Some women who had an earlier cesarean delivery are not candidates for a trial of labor.
The cesarean delivery rate in the United States continues to rise, and as a result more women than ever are entering pregnancy with a prior cesarean scar. Some women who had an earlier cesarean delivery are not candidates for a trial of labor (TOL) because of a previous classical uterine incision or obstetric conditions such as placenta previa or breech presentation; however, others deliver at hospitals where TOL is not allowed and are not given the choice of undergoing a TOL, although they may be candidates for it.
After an in-depth counseling session with the clinician detailing the risks, benefits, and alternatives to TOL, a woman's decision to pursue a TOL often hinges on her perception of the likelihood of achieving a vaginal birth after cesarean (VBAC) and the risks particular to her clinical situation.
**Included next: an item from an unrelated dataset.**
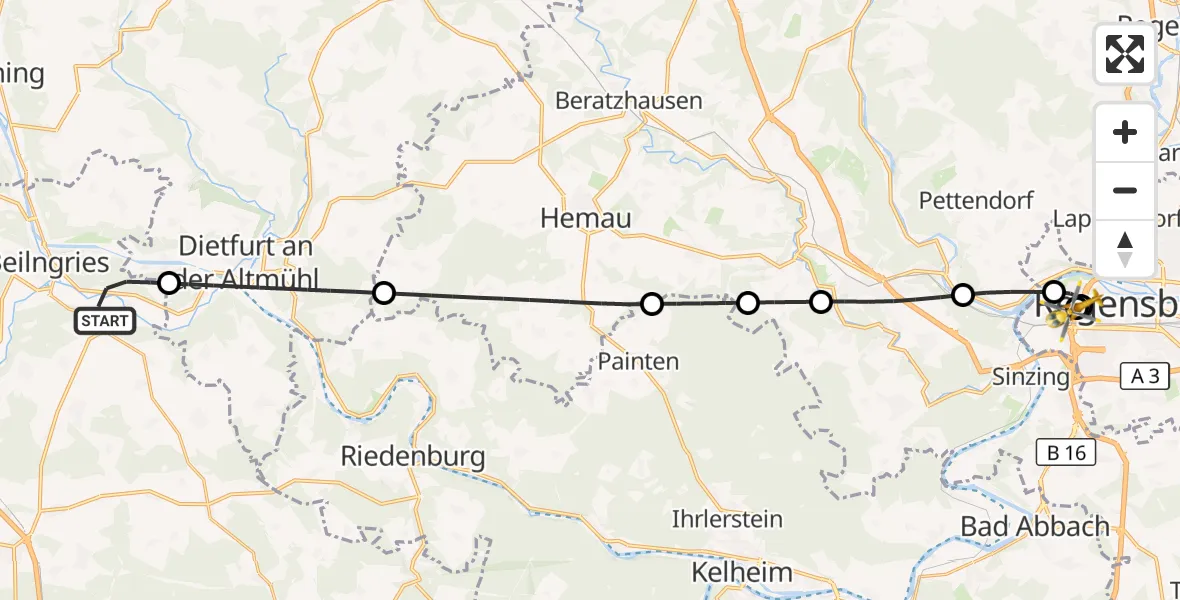 Flugroute Rettungshubschrauber Beilngries - Barmherzige Brüder (Brothers of Mercy) Hospital Regensburg, 09 Oktober 2026, 09:54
Ideally, the clinician should be able to present information on the likelihood of success specific to that patient.
Factors affecting TOL outcome
Certain factors influence the likelihood of successful TOL to a greater extent than others. For example, a history of any prior vaginal delivery, particularly VBAC, is much more highly associated with successful TOL than maternal age.1 However, many studies that have identified factors associated with TOL success did not address the independence of and potential interactions among these factors. In addition, although knowledge of factors associated with success or failure of TOL can provide some guidance, they are insufficient to predict TOL outcomes.
Estimating probability of successful TOL
Several strategies have been used to counsel women about the probability of achieving a VBAC. One approach has been to inform the patient that the overall likelihood of successful TOL is approximately 60% to 82%, based on studies of most populations.2 This approach, however, fails to individualize the risk profile, potentially placing women of vastly different risk statuses into a single group with a uniform range.
A second, more individualized approach recognizes several patient characteristics (eg, BMI, maternal age, prior indication for cesarean delivery, prior vaginal delivery) to qualitatively place a woman at the higher or lower end of that generalized 60% to 82% range. Although more individualized than a single unvarying estimate, this approach does not accurately or quantitatively combine multiple patient factors into a specific, accurate assessment of the likelihood of successful TOL.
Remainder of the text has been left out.